### Dataset content:
+++++
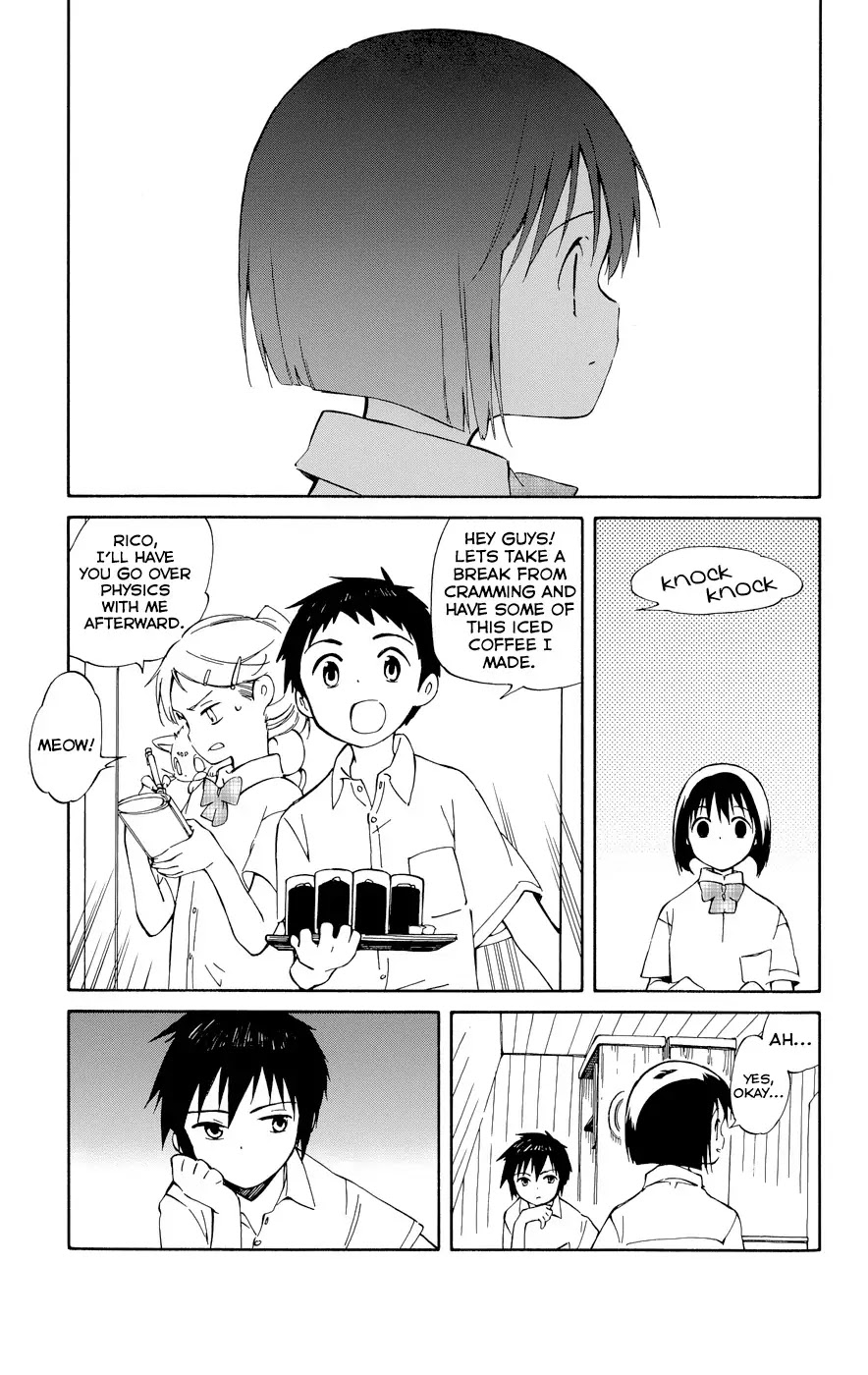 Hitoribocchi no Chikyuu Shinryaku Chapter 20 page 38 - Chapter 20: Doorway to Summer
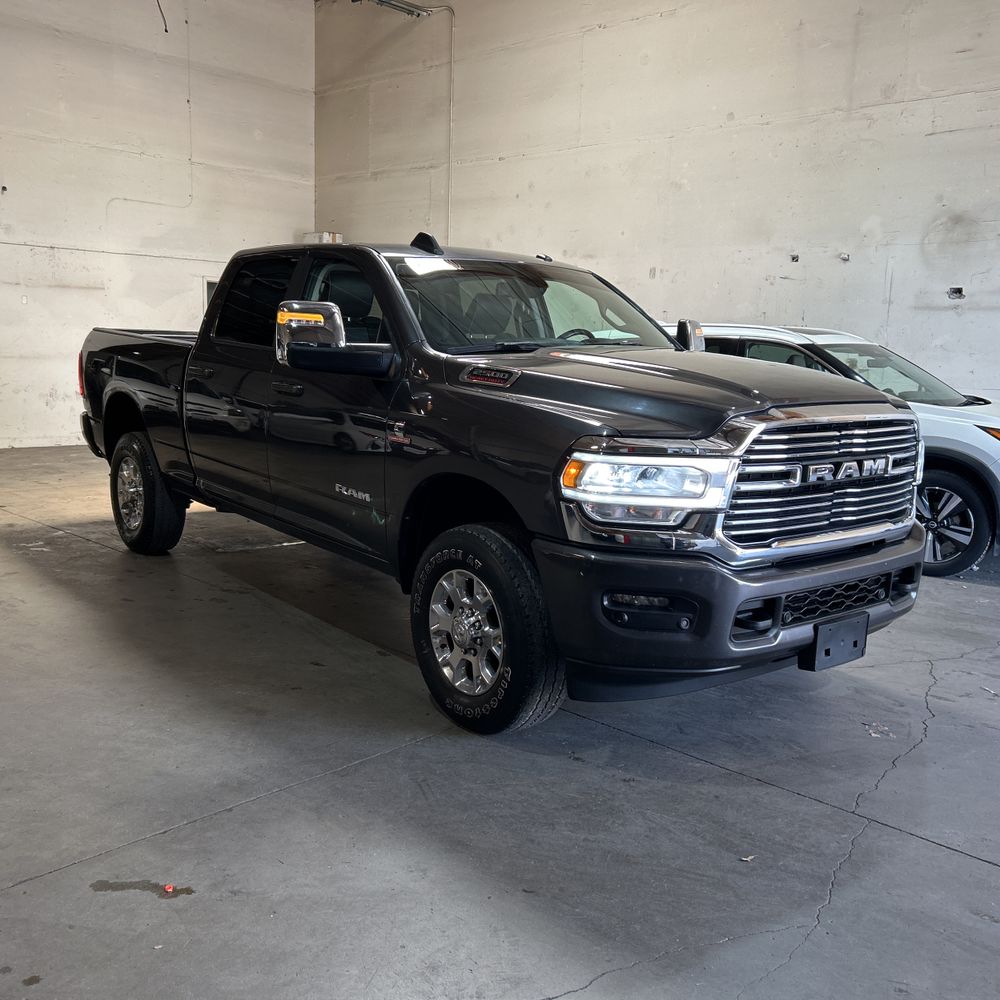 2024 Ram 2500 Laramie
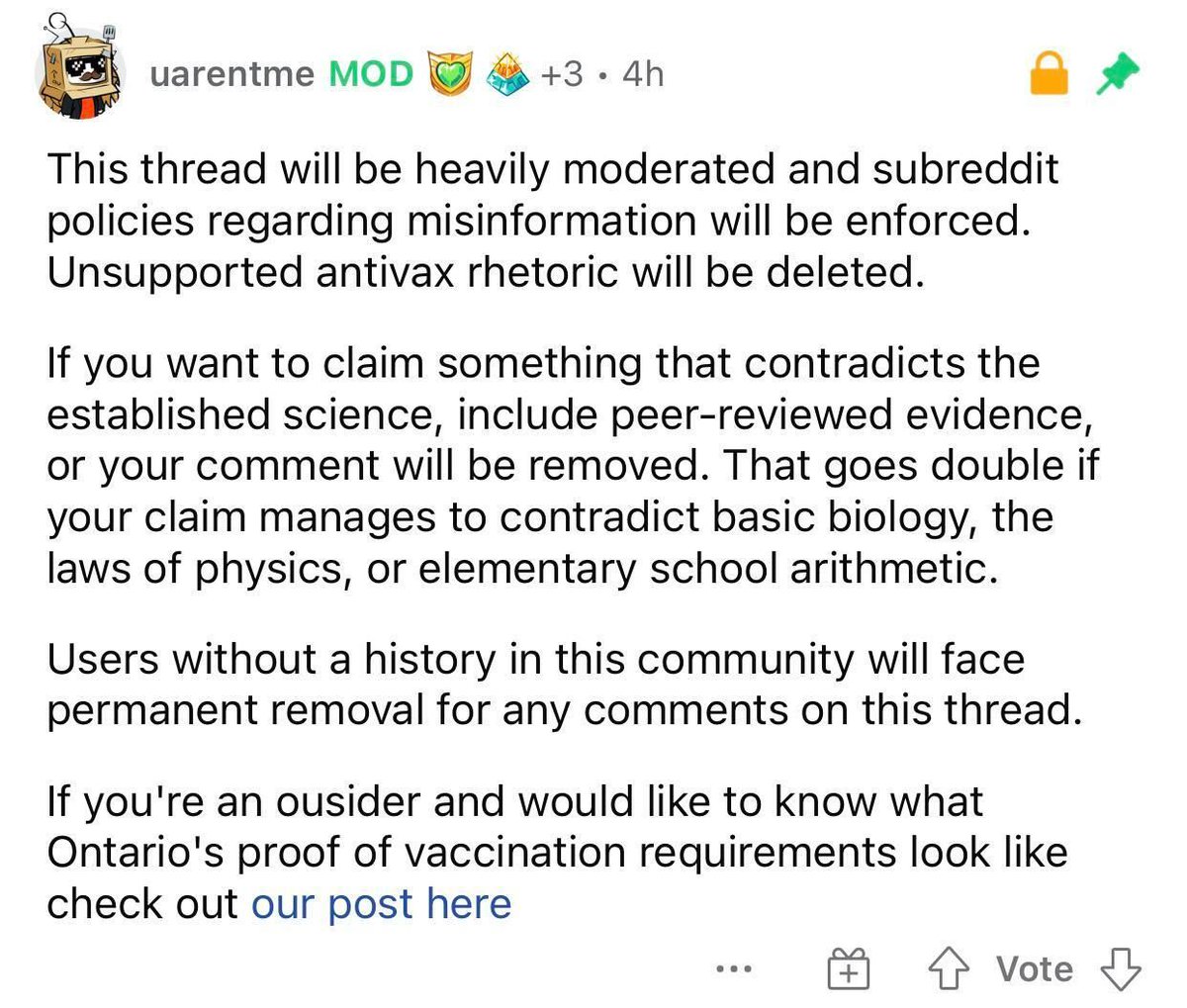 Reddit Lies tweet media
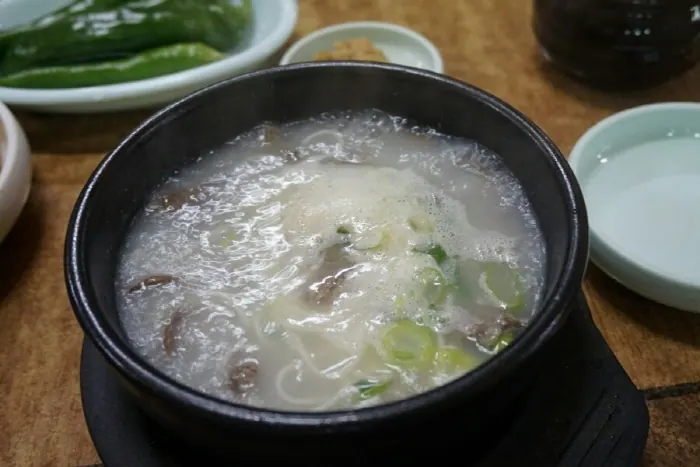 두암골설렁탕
+++++
### Problem:
Transcribe the material above word for word; images do not belong in the copy.

### Final answer:
 Hitoribocchi no Chikyuu Shinryaku Chapter 20 page 38 - Chapter 20: Doorway to Summer
 2024 Ram 2500 Laramie
 Reddit Lies tweet media
 두암골설렁탕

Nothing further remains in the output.